Copy out exactly, from the entries that follow, the line holding "ICB 村田 コーディネート画像", the line holding "[PREORDER] Cursed by", and all lines between them, but no pictures.

STORED DATA →
BEGIN
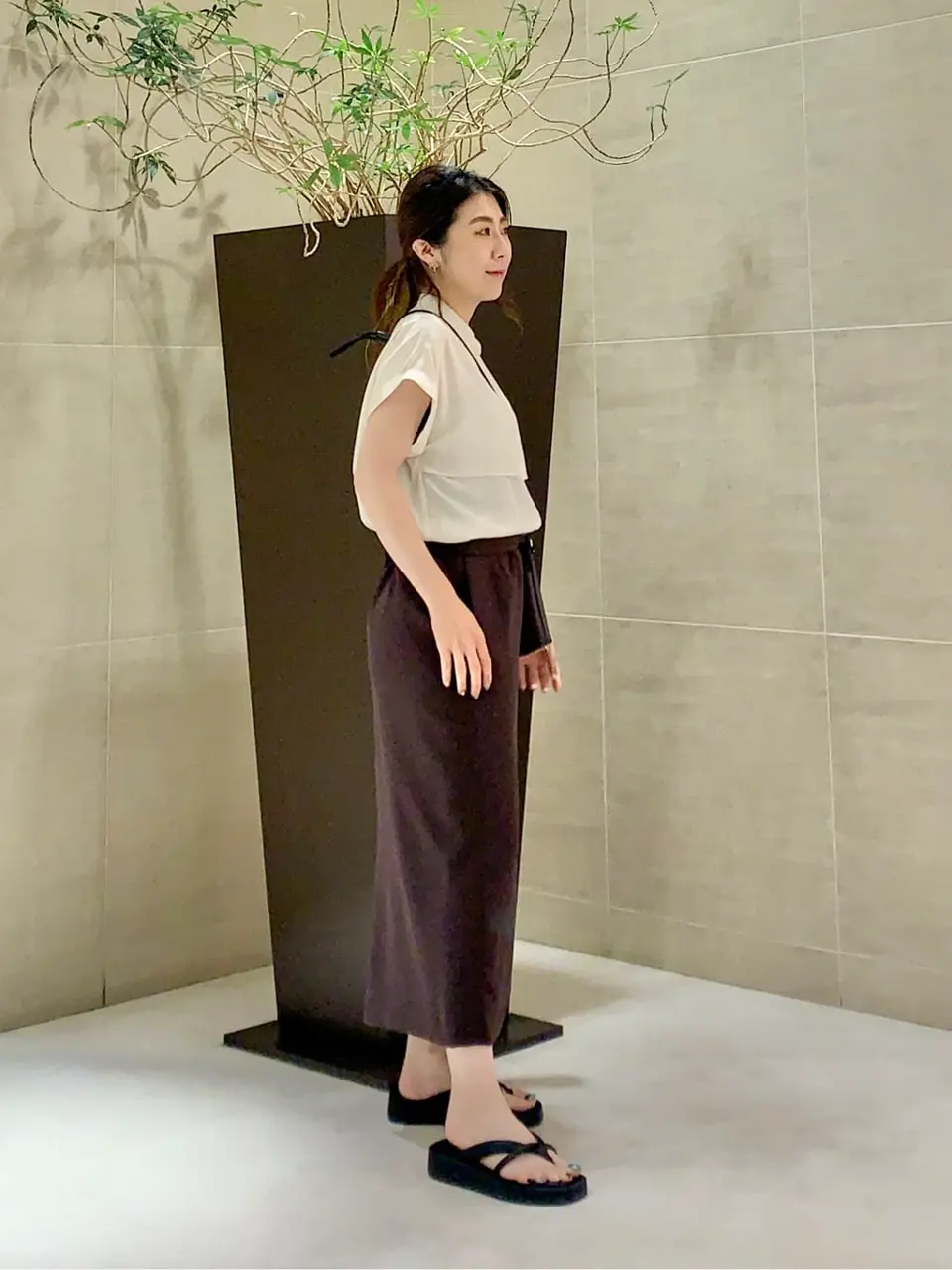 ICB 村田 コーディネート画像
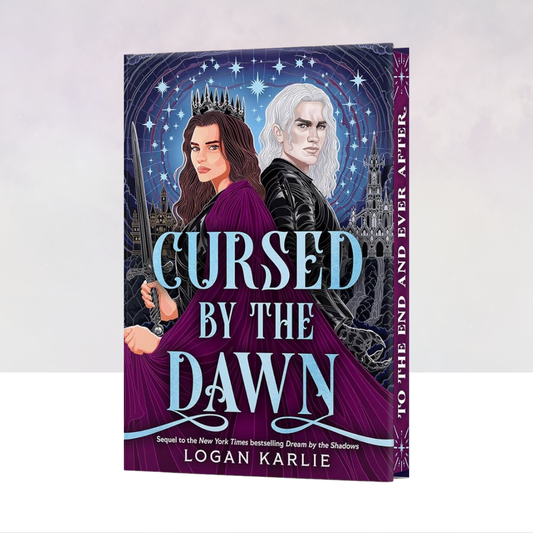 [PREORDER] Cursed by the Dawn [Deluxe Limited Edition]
END
BEGIN
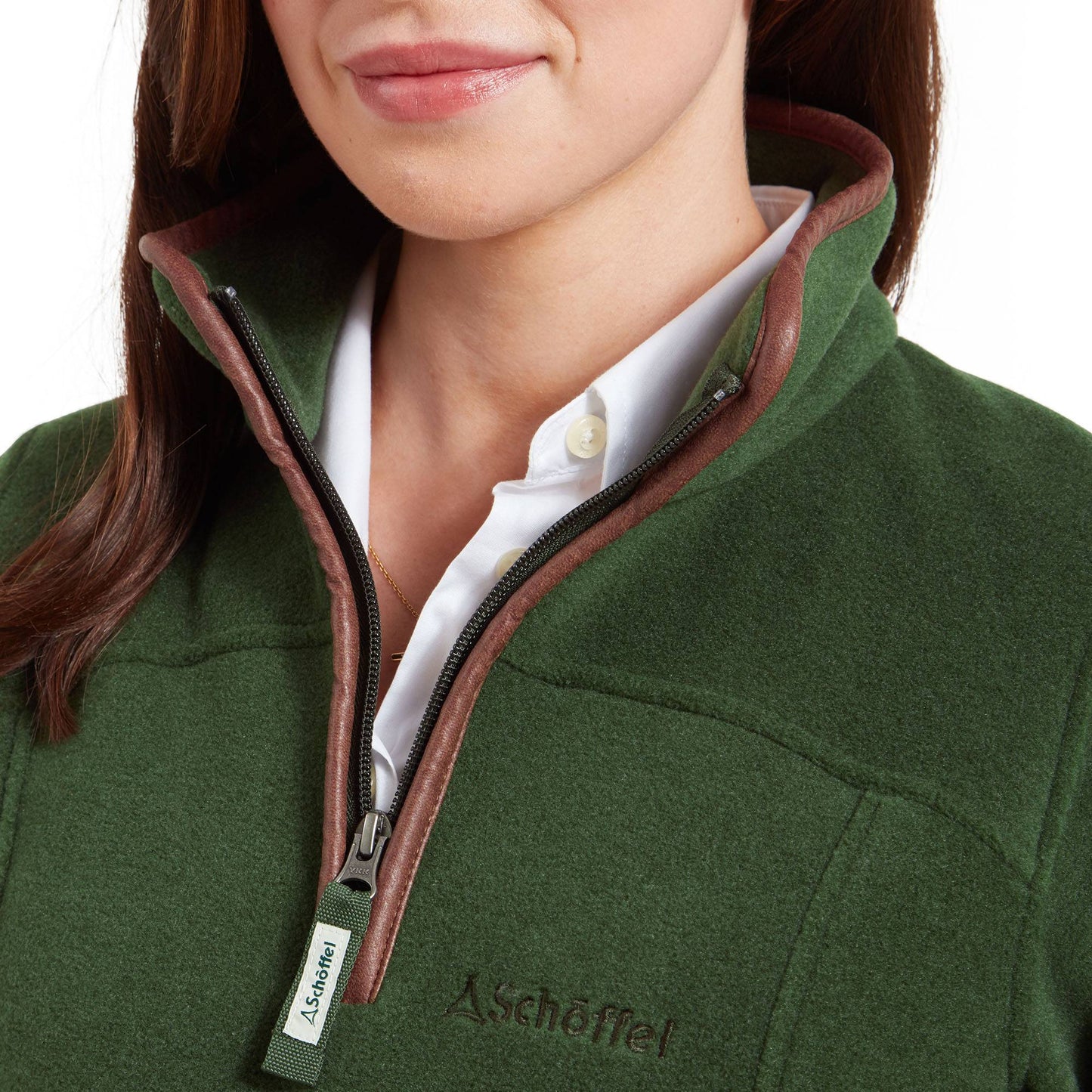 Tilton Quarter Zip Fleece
END
FINISHED EXERCISE →
 ICB 村田 コーディネート画像
 [PREORDER] Cursed by the Dawn [Deluxe Limited Edition]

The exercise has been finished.